Short text fragments from websites
════════

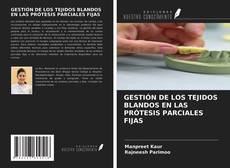 Bookcover of GESTIÓN DE LOS TEJIDOS BLANDOS EN LAS PRÓTESIS PARCIALES FIJAS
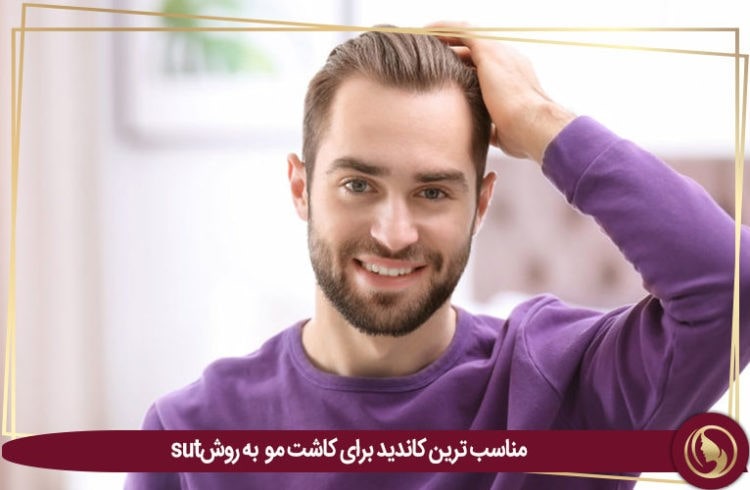 چه کسانی مناسب ترین کاندید برای کاشت مو به روش SUT هستند؟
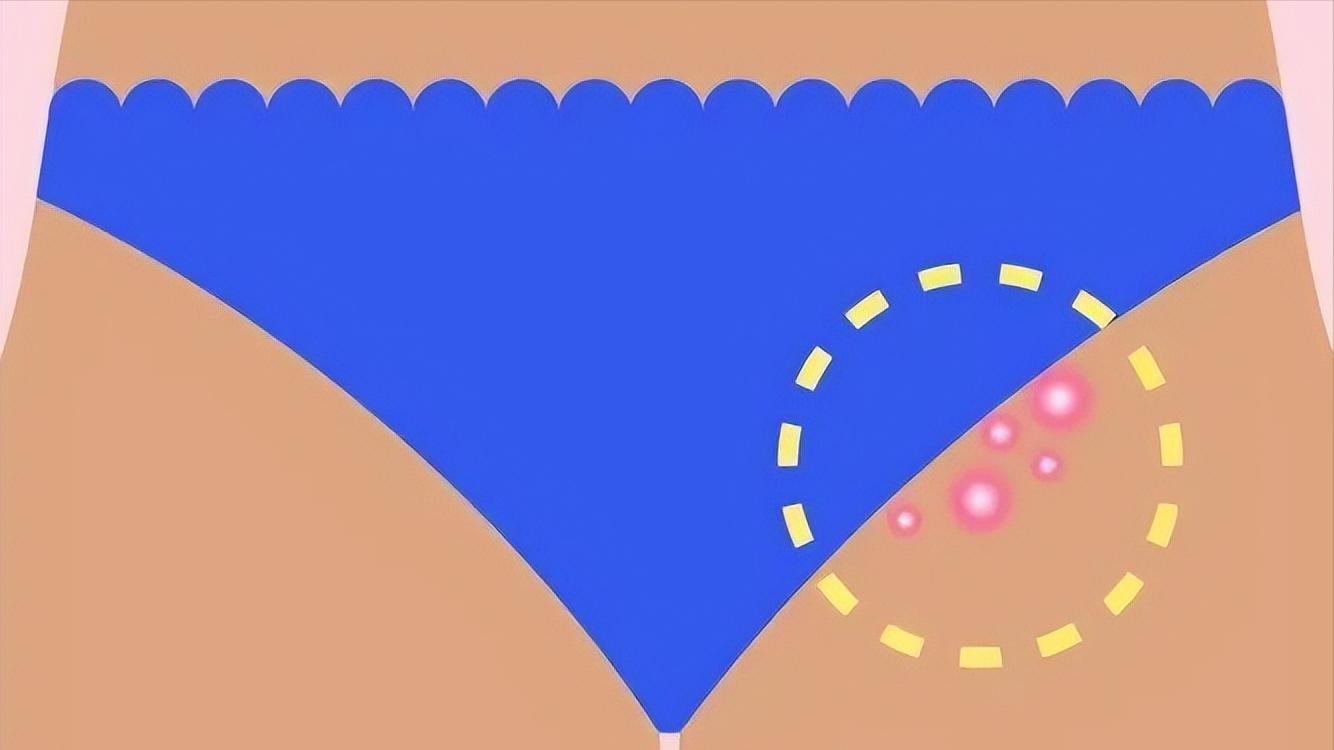 脖子下面长痘痘是什么原因,脸下面长痘痘是什么原因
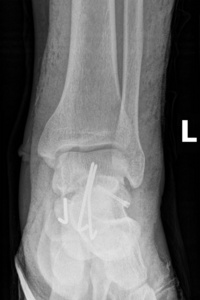 X 射线与装入医疗螺丝和钉子的脚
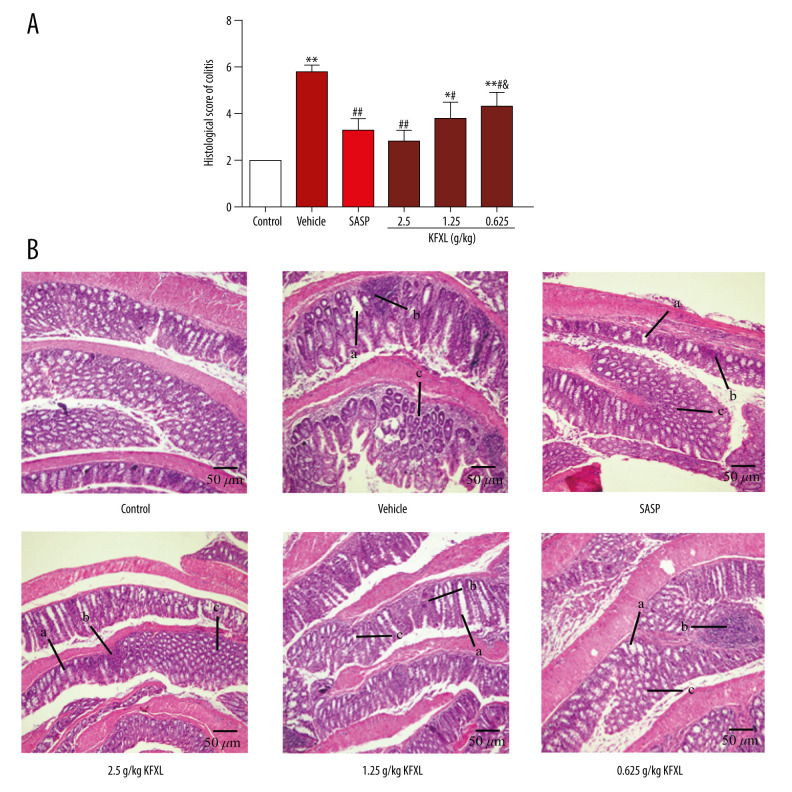 Kangfuxin Liquid Ameliorates Dextran Sulfate Sodium (DSS)-Induced Acute Ulcerative Colitis in Mice by Modulating Immune Response and Suppressing Inflammation.
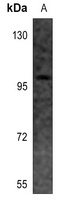 EEF2K Rabbit Polyclonal Antibody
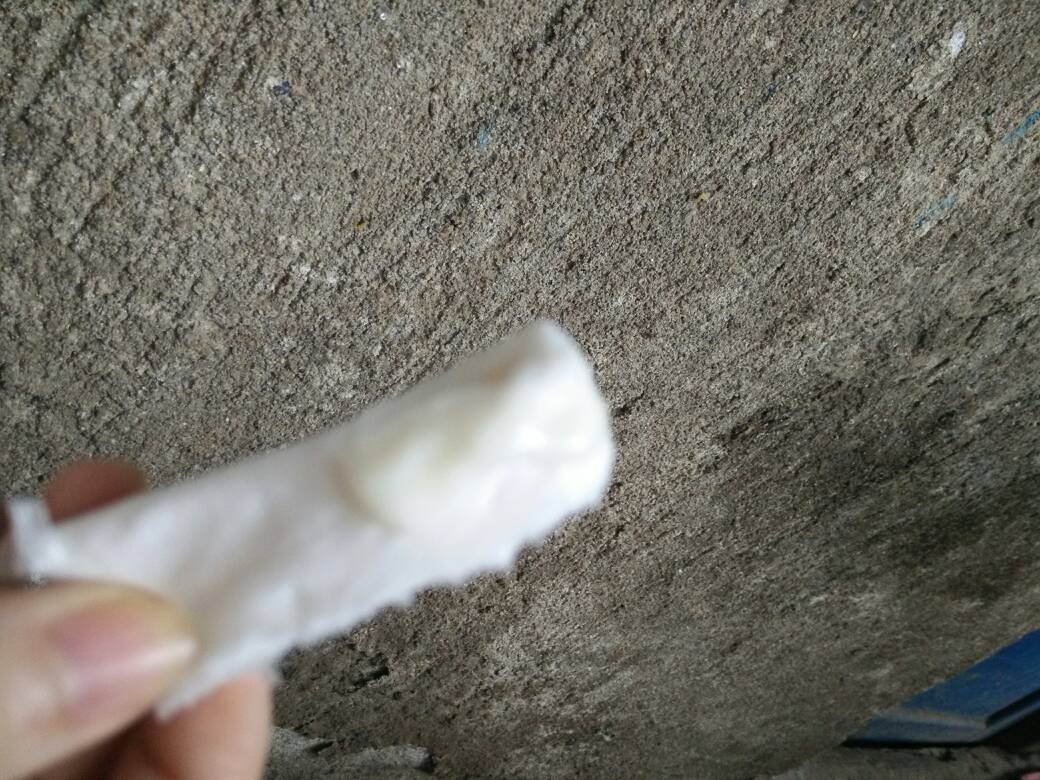 白带很浓稠,像是浆糊一样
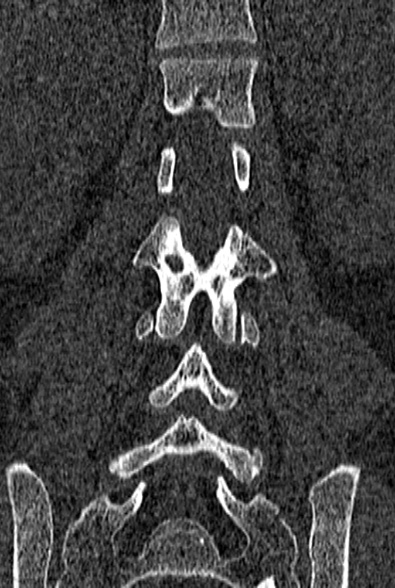 Normal CT lumbar spine (Radiopaedia 53981-60118 Coronal bone window 44).jpg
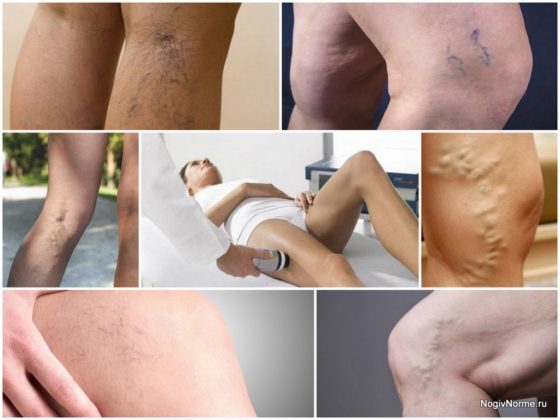 Дарсонваль при варикозе: как пользоваться, противопоказания, отзывы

════════

◆ What you have to do: Starting from the line with "چه کسانی مناسب" in the records above, repeat each line exactly until you have written the line with "Normal CT lumbar", then stop; drop the pictures.

◆ Problem solution:
 چه کسانی مناسب ترین کاندید برای کاشت مو به روش SUT هستند؟
 脖子下面长痘痘是什么原因,脸下面长痘痘是什么原因
 X 射线与装入医疗螺丝和钉子的脚
 Kangfuxin Liquid Ameliorates Dextran Sulfate Sodium (DSS)-Induced Acute Ulcerative Colitis in Mice by Modulating Immune Response and Suppressing Inflammation.
 EEF2K Rabbit Polyclonal Antibody
 白带很浓稠,像是浆糊一样
 Normal CT lumbar spine (Radiopaedia 53981-60118 Coronal bone window 44).jpg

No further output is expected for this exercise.